Despite the dip in net revenue, the company says that the outlook for the full year remains unchanged
As notable growth in Vietnam, India, and Mexico was more than offset by declines in Brazil, the United States (US) and parts of Europe, Heineken sold less beer in the first half of the year, the company said on Monday.
Beer volume for the first half of 2025 decreased organically by 1.2 per cent as compared to the same period last year. Global beer volumes came down to 116.4 million hectolitre in HY25 from 118.2 mhl in HY24.

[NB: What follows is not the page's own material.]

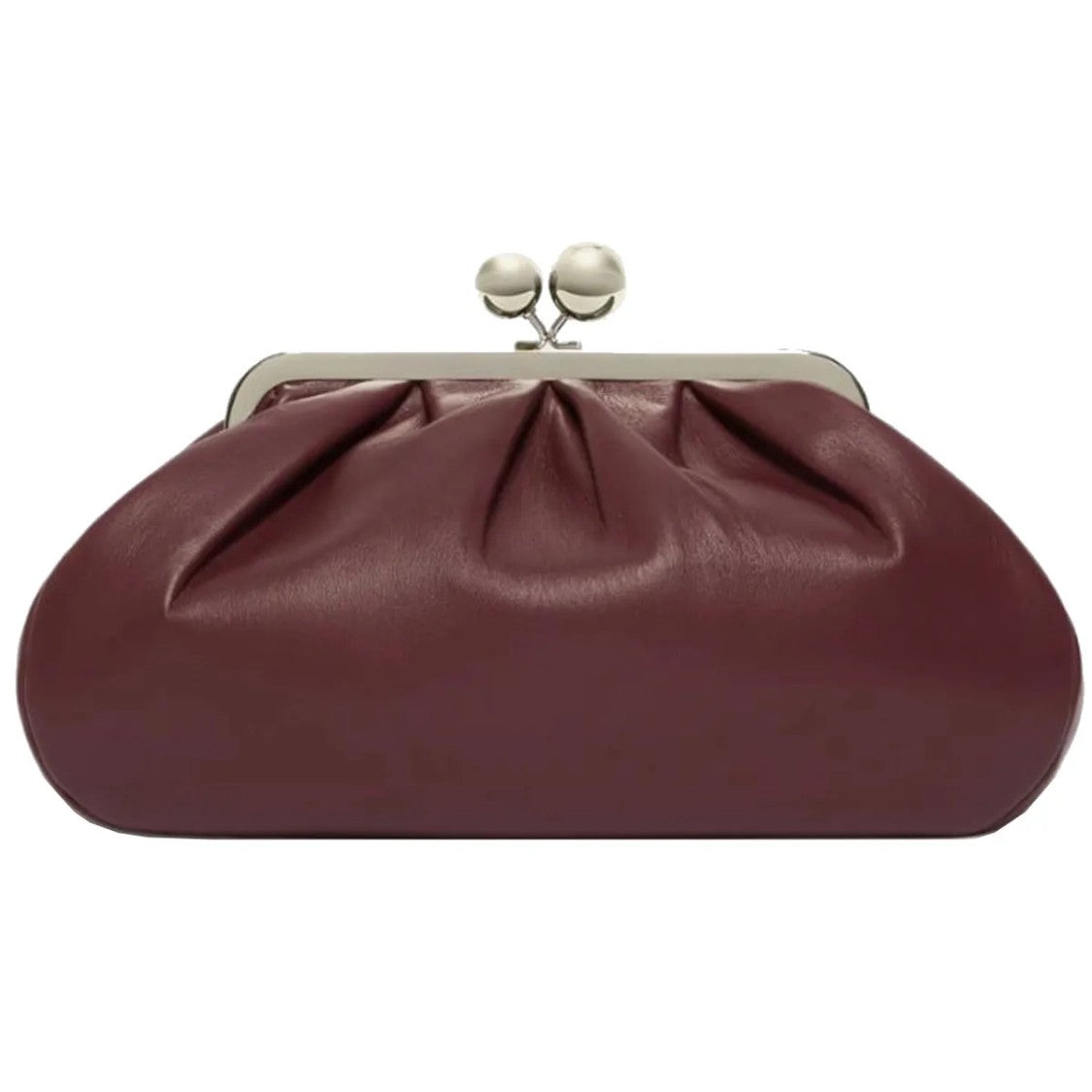 Max Mara Structured Reddish-Purple Leather Shoulder Bag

“Our advantaged geographical footprint helped us to adapt to ongoing macro-economic challenges, which impacted consumer sentiment and expenditures. Our African markets led the operating profit growth, benefiting from strong portfolios and a transformed cost base. Profit growth was further boosted by the expansion of our portfolios and distribution-led gains in Vietnam, India, and China,” highlighted Dolf van den Brink, Chief Executive Officer (CEO) and Chairman of the Executive Board.
The net revenues of the company also dipped to 14.18 euros for the six-month period that ended 30 June 2025, as compared to 14.82 euros in the same period a year ago. Despite the dip in net revenue, the company has highlighted that the outlook for the full year remains unchanged and operating profit (beia) is expected to grow organically by 4 per cent to 8 per cent.